■ **TASK INSTRUCTIONS**
Pictures aside, the output must consist of the lines from the one containing "Apple butter jar" through the end of the data, reproduced exactly.

■ **Items from a data source**

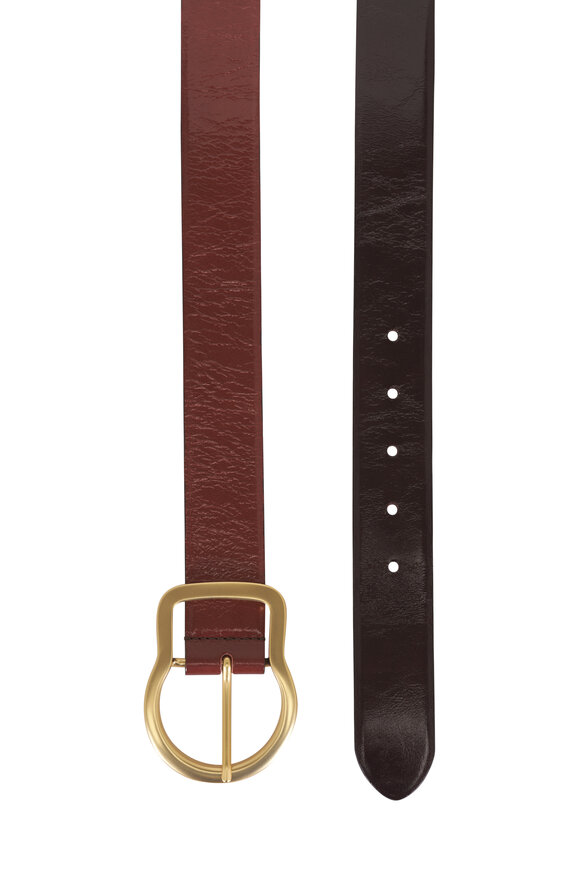 Dorothee Schumacher Two Tone Crackle Shine Belt - view 2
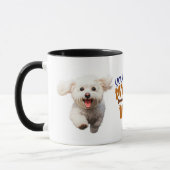 Schattigee Bichon Frise Dog Je maakt mijn staart w Mok (Links)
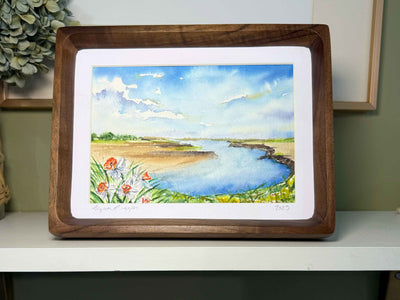 Daffodils by the Bay Original Watercolor Painting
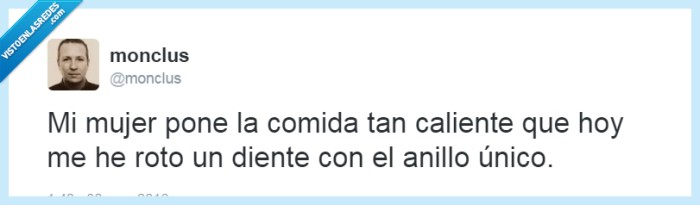 anillo,único,comida,caliente,diente,roto,Orodruin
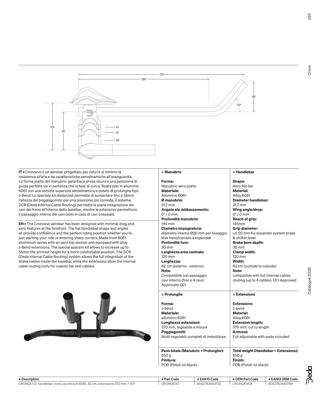 Deda Elementi CRONONERO EVO alloy basebar + J-bend extensions, 42cm width,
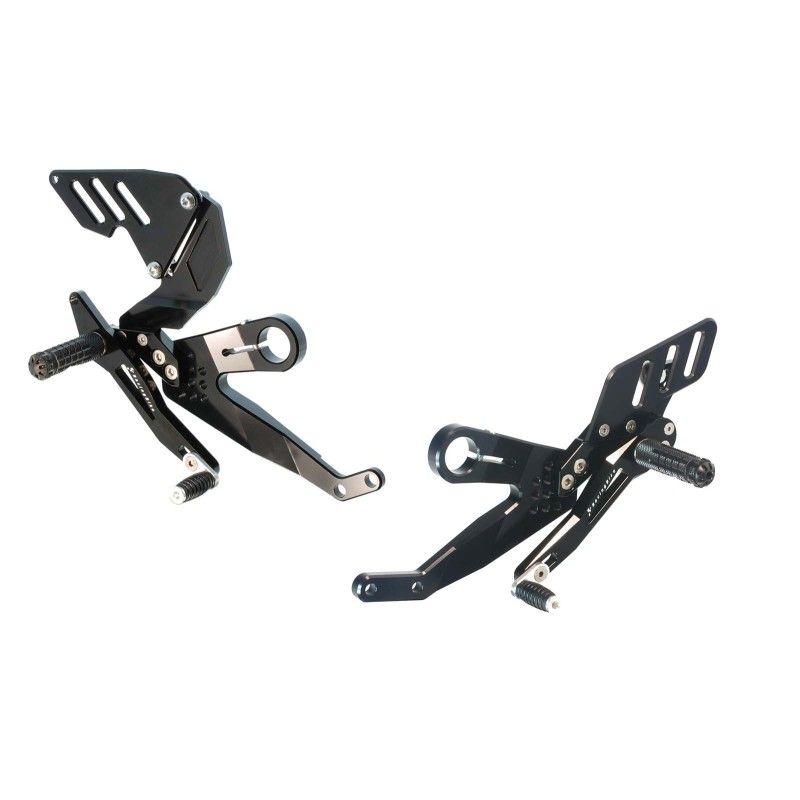 racingbike fixed footrest footpeg yamaha mt 01 05 12 black
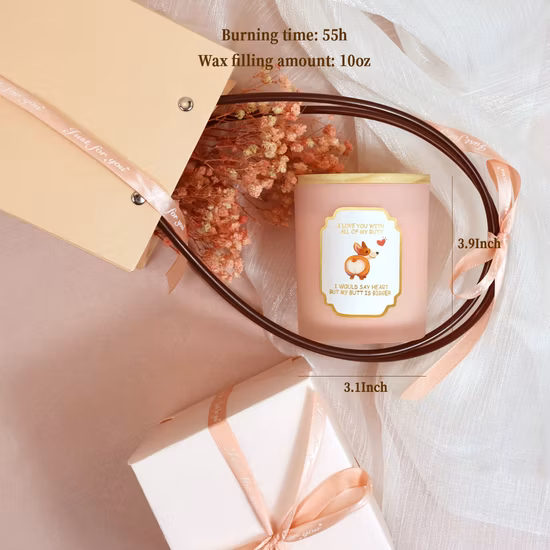 Big Luxury Branded Perfumed Essential Oil 100% Soy Wax Glass Jar SPA Candle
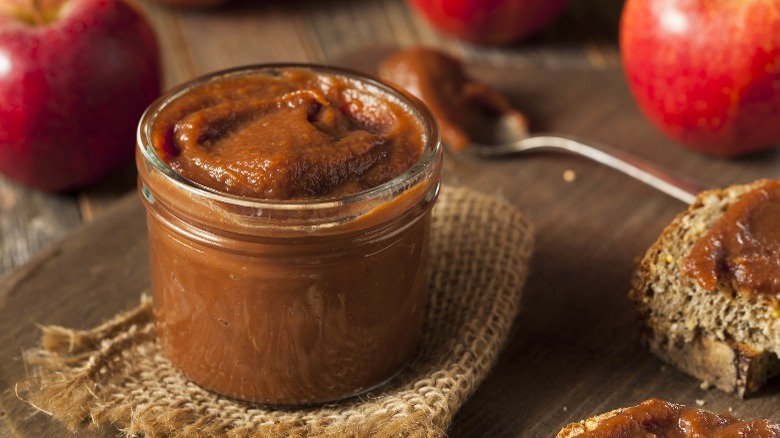 Apple butter jar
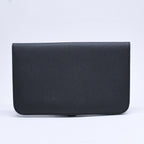 Hermes Dogon GM Bifold Wallet Togo Noir Silver — view 2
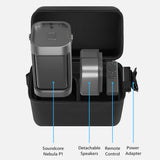 Geekria Hard Shell Travel Case Compatible with Soundcore Nebula P1, Portable Outdoor 4K Projector Carrying Bag (Black)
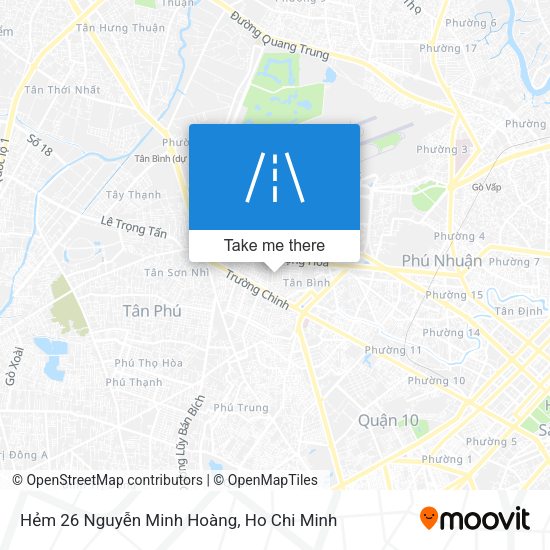 Hẻm 26 Nguyễn Minh Hoàng map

■ **WRITTEN ANSWER**
 Apple butter jar
 Hermes Dogon GM Bifold Wallet Togo Noir Silver — view 2
 Geekria Hard Shell Travel Case Compatible with Soundcore Nebula P1, Portable Outdoor 4K Projector Carrying Bag (Black)
 Hẻm 26 Nguyễn Minh Hoàng map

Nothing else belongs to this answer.